Exercise description
Output each line of the data below exactly, omitting any image.
(Beginning of Supplied material)
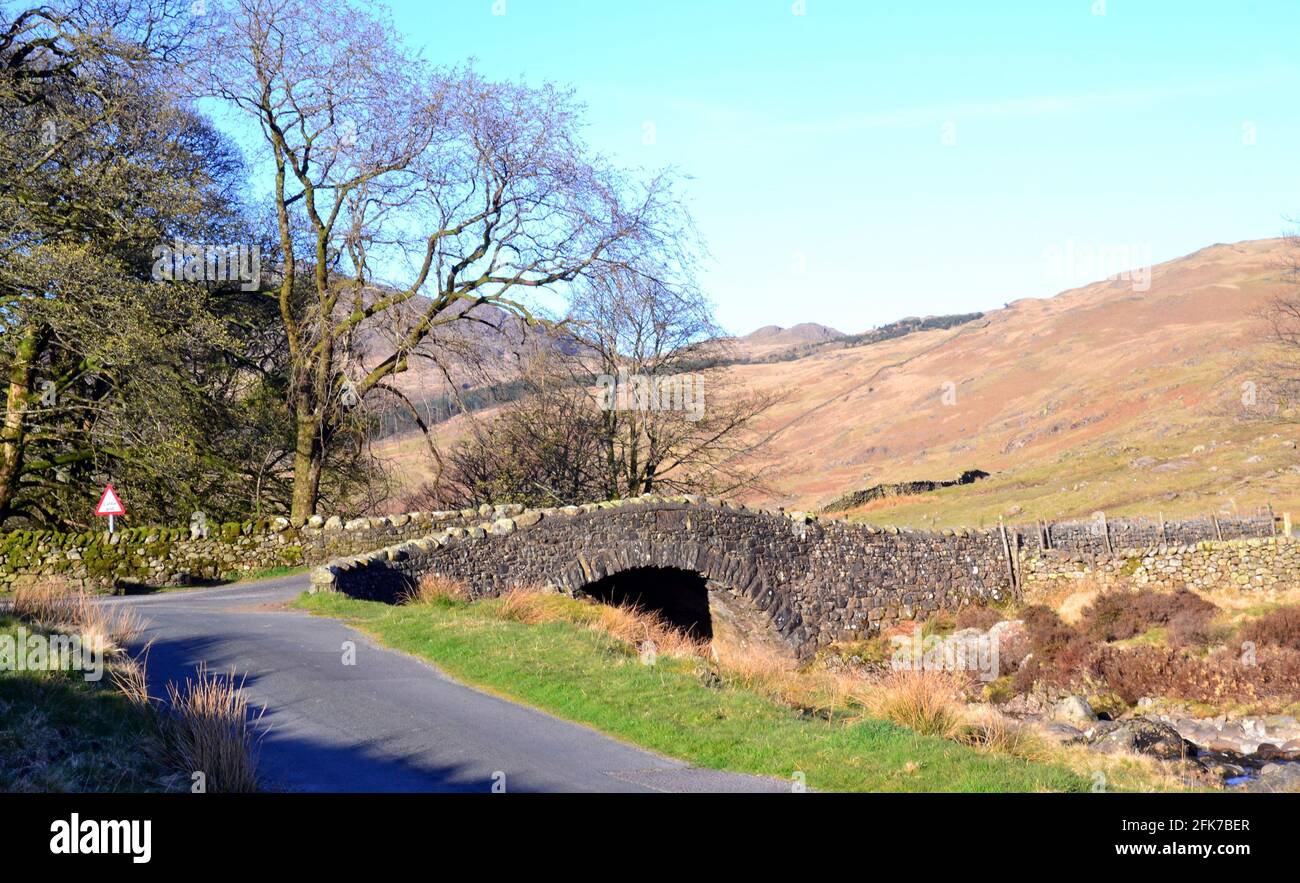 Straße und Brücke über den Fluss Duddon in Cockley Beck, Duddon Valley, Lakes, Cumbria, Großbritannien; Hill Farming Ackern. Stockfoto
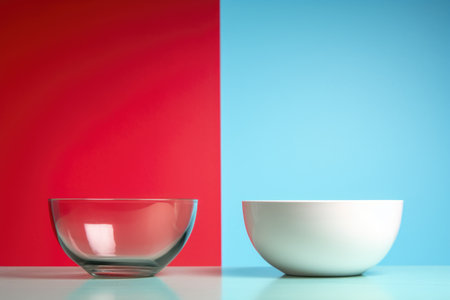 an empty bowl next to a filled one against differing backgrounds, created with generative aiの素材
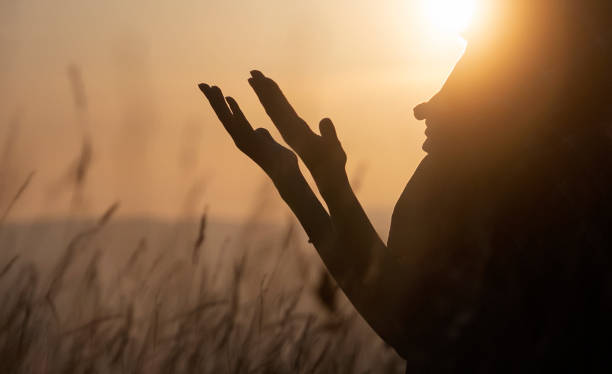 istock Muslim woman praying 2175920964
(End of Supplied material)
Response
 Straße und Brücke über den Fluss Duddon in Cockley Beck, Duddon Valley, Lakes, Cumbria, Großbritannien; Hill Farming Ackern. Stockfoto
 an empty bowl next to a filled one against differing backgrounds, created with generative aiの素材
 istock Muslim woman praying 2175920964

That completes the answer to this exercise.